Our estimated age-group-specific cessation rates can be used to develop projections of tobacco use trends going forward for various purposes. To illustrate, we can employ these estimates in our simulation model, along with the 2017 input data, to project US smoking prevalence to the year 2030. This permits us to assess the likelihood that the nation will achieve CDC’s Healthy People goal of 5% for US adult smoking prevalence in that year (revised to 6.1% in 2021 due to the 2019 NHIS redesign) [33]. This application of the cessation rate estimates in our model projects smoking prevalence to be 8.8% (95% CI: 7.9 − 9.6%) in 2030. This is close to the 2022 Mendez et al. [1] prediction that smoking prevalence in 2030 would be around 8.3% (95% CI: 4.6 − 16.8%). However, neither of these projections allowed for further decreases in the smoking initiation rate and increases in cessation rates, both likely given recent trends in these important variables. Had we incorporated continuation of those trends, our analysis suggests that, while the Healthy People goal is not likely to be achieved, actual prevalence could get quite close to the CDC target.
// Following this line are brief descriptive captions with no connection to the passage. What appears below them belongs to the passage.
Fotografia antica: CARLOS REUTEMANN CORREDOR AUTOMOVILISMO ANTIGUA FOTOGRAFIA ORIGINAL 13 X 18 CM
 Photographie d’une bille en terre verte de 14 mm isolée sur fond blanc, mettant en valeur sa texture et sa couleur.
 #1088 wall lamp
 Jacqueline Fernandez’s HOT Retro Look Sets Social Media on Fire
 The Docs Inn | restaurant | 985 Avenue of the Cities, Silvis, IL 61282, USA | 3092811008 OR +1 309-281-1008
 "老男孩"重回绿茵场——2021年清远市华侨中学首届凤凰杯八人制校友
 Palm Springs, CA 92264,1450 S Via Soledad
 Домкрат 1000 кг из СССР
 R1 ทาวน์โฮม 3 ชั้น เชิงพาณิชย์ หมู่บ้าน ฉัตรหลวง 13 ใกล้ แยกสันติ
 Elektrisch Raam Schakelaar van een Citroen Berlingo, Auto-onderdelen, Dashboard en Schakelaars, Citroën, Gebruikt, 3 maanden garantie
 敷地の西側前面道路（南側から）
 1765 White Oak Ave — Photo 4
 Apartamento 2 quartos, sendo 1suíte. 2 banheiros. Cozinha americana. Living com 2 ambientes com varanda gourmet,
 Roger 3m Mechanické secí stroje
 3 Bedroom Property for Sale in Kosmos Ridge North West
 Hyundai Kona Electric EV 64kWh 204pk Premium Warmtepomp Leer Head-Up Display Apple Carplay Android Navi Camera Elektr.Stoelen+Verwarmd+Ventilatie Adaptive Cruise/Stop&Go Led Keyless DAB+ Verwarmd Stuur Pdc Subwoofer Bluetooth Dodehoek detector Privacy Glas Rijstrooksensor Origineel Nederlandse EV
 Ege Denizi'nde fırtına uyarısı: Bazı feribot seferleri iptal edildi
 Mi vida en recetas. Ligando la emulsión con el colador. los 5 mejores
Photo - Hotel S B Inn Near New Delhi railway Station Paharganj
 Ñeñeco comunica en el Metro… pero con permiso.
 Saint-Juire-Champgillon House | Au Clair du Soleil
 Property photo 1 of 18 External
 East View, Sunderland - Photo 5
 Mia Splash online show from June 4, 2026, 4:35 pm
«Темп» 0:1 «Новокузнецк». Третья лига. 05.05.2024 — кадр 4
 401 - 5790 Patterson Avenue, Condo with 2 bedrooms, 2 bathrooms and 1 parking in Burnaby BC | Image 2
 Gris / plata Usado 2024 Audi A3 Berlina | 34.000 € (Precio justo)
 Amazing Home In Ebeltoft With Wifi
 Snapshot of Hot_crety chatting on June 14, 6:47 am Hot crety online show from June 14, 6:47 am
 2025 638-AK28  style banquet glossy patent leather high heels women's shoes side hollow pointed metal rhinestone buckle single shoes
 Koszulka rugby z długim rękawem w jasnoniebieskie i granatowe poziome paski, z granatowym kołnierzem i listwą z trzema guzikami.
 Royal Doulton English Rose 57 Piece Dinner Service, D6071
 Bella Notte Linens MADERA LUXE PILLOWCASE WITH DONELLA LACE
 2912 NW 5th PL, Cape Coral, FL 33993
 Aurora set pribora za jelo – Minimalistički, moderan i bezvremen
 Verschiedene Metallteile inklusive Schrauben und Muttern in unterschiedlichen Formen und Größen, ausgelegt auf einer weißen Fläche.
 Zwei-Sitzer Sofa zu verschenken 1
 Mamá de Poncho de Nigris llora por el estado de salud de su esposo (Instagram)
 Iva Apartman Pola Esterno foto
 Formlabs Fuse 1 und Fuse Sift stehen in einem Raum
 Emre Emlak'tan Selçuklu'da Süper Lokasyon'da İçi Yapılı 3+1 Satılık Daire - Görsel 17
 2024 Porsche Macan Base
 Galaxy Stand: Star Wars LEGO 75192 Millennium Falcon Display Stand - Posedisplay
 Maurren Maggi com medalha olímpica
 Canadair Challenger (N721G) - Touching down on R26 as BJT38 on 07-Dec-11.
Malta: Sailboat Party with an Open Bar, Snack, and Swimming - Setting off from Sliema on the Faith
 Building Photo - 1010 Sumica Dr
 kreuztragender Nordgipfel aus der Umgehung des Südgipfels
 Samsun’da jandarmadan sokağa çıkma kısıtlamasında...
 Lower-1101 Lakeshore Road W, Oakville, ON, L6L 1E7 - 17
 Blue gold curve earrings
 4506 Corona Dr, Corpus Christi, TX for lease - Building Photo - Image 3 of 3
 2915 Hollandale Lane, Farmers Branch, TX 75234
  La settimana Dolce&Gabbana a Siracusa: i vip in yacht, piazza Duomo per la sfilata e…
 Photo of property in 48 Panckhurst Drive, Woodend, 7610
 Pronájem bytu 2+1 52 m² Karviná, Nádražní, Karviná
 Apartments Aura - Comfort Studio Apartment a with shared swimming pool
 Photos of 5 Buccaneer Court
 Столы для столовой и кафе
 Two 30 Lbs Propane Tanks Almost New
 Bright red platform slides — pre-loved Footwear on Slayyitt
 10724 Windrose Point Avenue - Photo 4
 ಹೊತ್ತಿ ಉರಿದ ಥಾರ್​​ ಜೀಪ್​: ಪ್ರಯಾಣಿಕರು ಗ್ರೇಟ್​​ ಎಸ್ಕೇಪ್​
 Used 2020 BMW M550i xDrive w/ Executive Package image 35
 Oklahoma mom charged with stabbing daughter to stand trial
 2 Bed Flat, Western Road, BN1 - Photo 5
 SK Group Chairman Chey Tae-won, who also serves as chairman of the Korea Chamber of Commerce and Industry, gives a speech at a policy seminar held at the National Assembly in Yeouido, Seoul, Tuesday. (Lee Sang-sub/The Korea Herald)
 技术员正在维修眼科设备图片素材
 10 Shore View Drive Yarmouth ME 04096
This work has some limitations. First, the initiation rate was chosen based on the smoking prevalence of 25-year-olds, meaning that the contribution of people who started smoking after the age of 25 was not considered. We believe this has minimal impact on our results since very few smokers initiate after age 25 [27]. Secondly, we assumed that the dynamics of smoking prevalence has zero error term, i.e., no modeling misspecification (see Eqs. (1 and 2)), which is unlikely to hold for many models in practice. However, this model has been proven to track smoking prevalence very accurately in previous studies [34]. Moreover, as shown in this study, the simulated smoking prevalence captures well the observed NHIS prevalence, which gives us confidence in our estimates. Lastly, our analysis was stopped in 2018, five years ago. While it would have been desirable to include 2019–2022 in our analysis, the survey design changes in 2019 make a direct comparison of smoking prevalence before and after that year infeasible. Consequently, we could not extend the analysis to incorporate the 2019–2022 NHIS data.

Conclusions

Our findings show how smoking cessation rates changed absolutely and relatively across different age groups from 2009 to 2017. As the first study to employ a Kalman filter technique to estimate cessation rates by age groups - unknown model parameters - our analysis demonstrates the potential application of this approach to other issues in tobacco control. This method offers researchers and tobacco regulators a novel mechanism for surveillance of tobacco use trends.